Nuovo condono edilizio 2024: modifica della destinazione d'uso dell'immobile con una semplice dichiarazione al Comune
Scopriamo insieme le semplificazioni introdotte dal decreto Salva casa. Il "cambio di destinazione d'uso" di un immobile si riferisce alla trasformazione di una struttura da una specifica destinazione funzionale - residenziale, commerciale, produttiva o altro ad un'altra.
La complessità di questo istituto, spesso al centro di controversie come dimostra il gran numero di sentenze in materia, è legata principalmente a ragioni economiche. È essenziale considerare che la classificazione di un immobile in una determinata categoria funzionale può comportare notevoli differenze negli oneri di urbanizzazione, che sono generalmente correlati proprio alle suddette destinazioni funzionali (cfr. art. 16 del D.P.R. n. 380/2001). Ad esempio, costruire un immobile destinandolo all'uso commerciale può risultare molto più costoso, a parità di cubatura e superficie, rispetto a una destinazione residenziale.
Qual è la norma di riferimento?
La normativa di riferimento si trova nell’art. 23 ter del D.P.R. n. 380/2001, recentemente modificato dal D.L. n. 69/2024 (il cosiddetto decreto "Salva casa"), convertito dalla L. n. 105/2024. Questo articolo definisce cinque "categorie funzionali" - residenziale, turistico-ricettiva, produttiva-direzionale, commerciale e rurale - e stabilisce che il cambio di destinazione d'uso (con o senza opere edilizie) di una singola unità immobiliare è sempre consentito all'interno della stessa categoria funzionale, nel rispetto delle normative di settore, fermo restando che gli strumenti urbanistici comunali possono prevedere condizioni specifiche. All'interno della stessa categoria, infatti, le destinazioni d'uso sono considerate urbanisticamente omogenee, poiché producono carichi urbanistici sostanzialmente equivalenti.

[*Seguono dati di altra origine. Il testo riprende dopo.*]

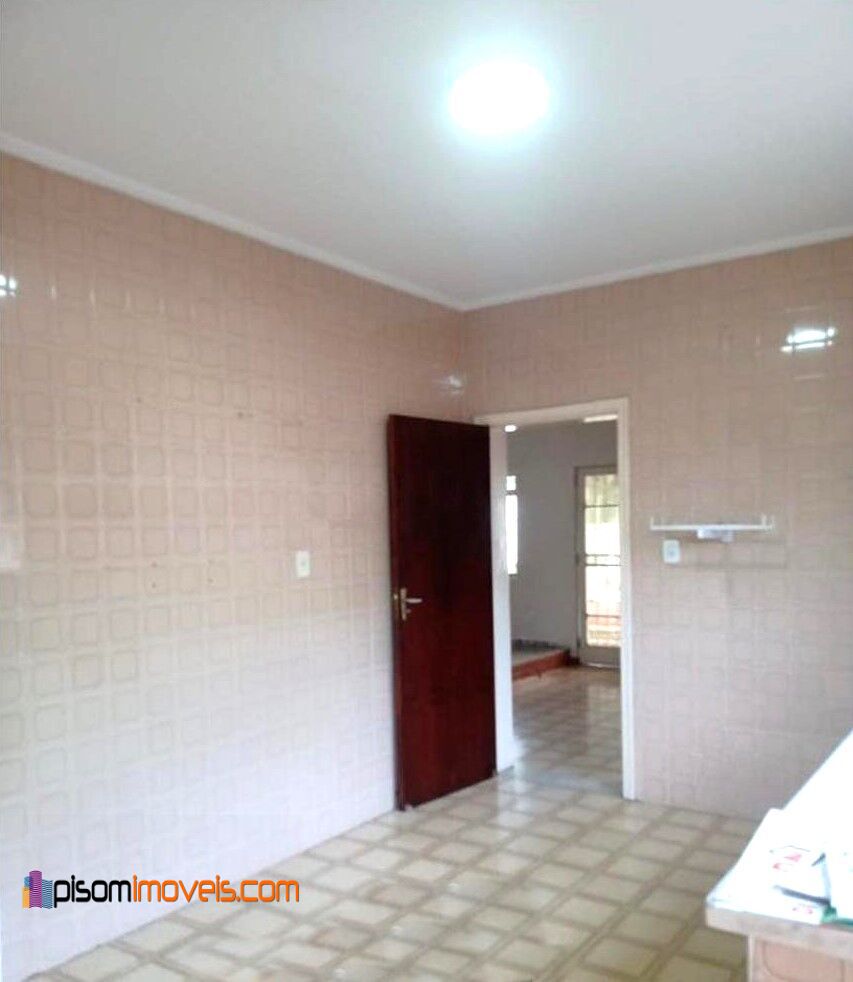 Casa à venda com 2 quartos, 138m² - Foto 2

Il cambio di destinazione tra diverse categorie funzionali è sempre permesso per le unità situate in edifici nelle seguenti zone: A (centro storico), B (aree totalmente o parzialmente edificate diverse dai centri storici) o C (zone destinate a nuovi complessi insediativi) di cui all’art. 2 del D.M. 1444/1968. Anche in questo caso, nel rispetto delle normative di settore e con la possibilità per gli strumenti urbanistici comunali di fissare specifiche condizioni. Il legislatore specifica che il cambio di destinazione d'uso di un immobile o di una singola unità immobiliare si considera "senza opere" se non comporta l'esecuzione di interventi edilizi o se le opere previste rientrano tra gli interventi di cui all'art. 6 del D.P.R. 380/2001.

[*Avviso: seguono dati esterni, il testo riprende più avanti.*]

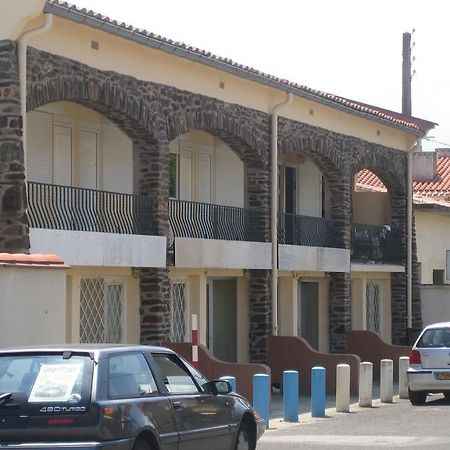 ארגלס-סור-מר Locations Meublees Plage Des Pins מראה חיצוני תמונה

Cosa dice la giurisprudenza in materia?
La giurisprudenza ha stabilito che per "destinazione d'uso" dell'immobile si deve intendere, ai sensi dell'art. 23-ter citato, quella risultante dai titoli giuridici o dalle registrazioni catastali, non avendo rilevanza l'uso concreto che si presume sia stato praticato sull'immobile. Infatti, la destinazione di un immobile non si identifica con l'uso concreto che ne fa chi lo utilizza (mutamento d'uso di fatto), ma con quella indicata nel titolo abilitativo. L'uso di fatto, anche se protratto nel tempo, non è comunque idoneo a consolidare situazioni o a modificare la qualificazione giuridica dell'immobile. In altre parole, la destinazione d'uso giuridicamente rilevante di un immobile è unicamente quella prevista da atti amministrativi pubblici, di natura urbanistica o catastale (cfr. Tar Campania-Napoli 26 gennaio 2022, n. 513).

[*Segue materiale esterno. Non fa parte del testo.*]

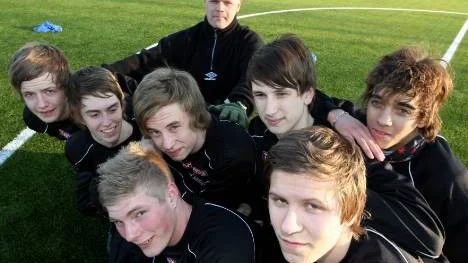 Nya ansikten i Munksunds division 4-lag. Längst bak tränaren Peder Rending. I raden framför honom, från vänster: Stefan Andersson, Elias Nyström, Johan Flinkfelt, Sebastian Johansson och Alexander Vaktnäs. Längst fram, från vänster: Simon Johansson och Olle Lorenz.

In riferimento ai titoli giuridici abilitativi, si segnala che, ai sensi del novellato art. 23-ter del D.P.R. n. 380/2001, comma 1-quinquies, è previsto che:
- il cambio di destinazione d’uso di una singola unità immobiliare all’interno della stessa categoria funzionale è sempre soggetto a SCIA (cfr. art. 19 L. 241/1990);
- il cambio di destinazione d’uso tra diverse categorie funzionali richiede il titolo necessario per l'esecuzione delle opere necessarie al mutamento, ma se le opere sono soggette a CILA (cfr. art. 6 bis D.P.R. 380/2001), si applica comunque la SCIA.
Infine, è prevista una disciplina specifica per il cambio di destinazione d’uso delle unità immobiliari poste al primo piano fuori terra o seminterrate. L’art. 23-ter prevede infatti che il cambio di destinazione d’uso (non solo per le unità immobiliari al primo piano fuori terra, ma anche per quelle seminterrate) sia regolamentato dalla legislazione regionale, la quale definisce i casi in cui gli strumenti urbanistici comunali possono individuare specifiche zone in cui le disposizioni di cui ai commi 1-ter, 1-quater e 1-quinquies si applicano anche a tali unità immobiliari.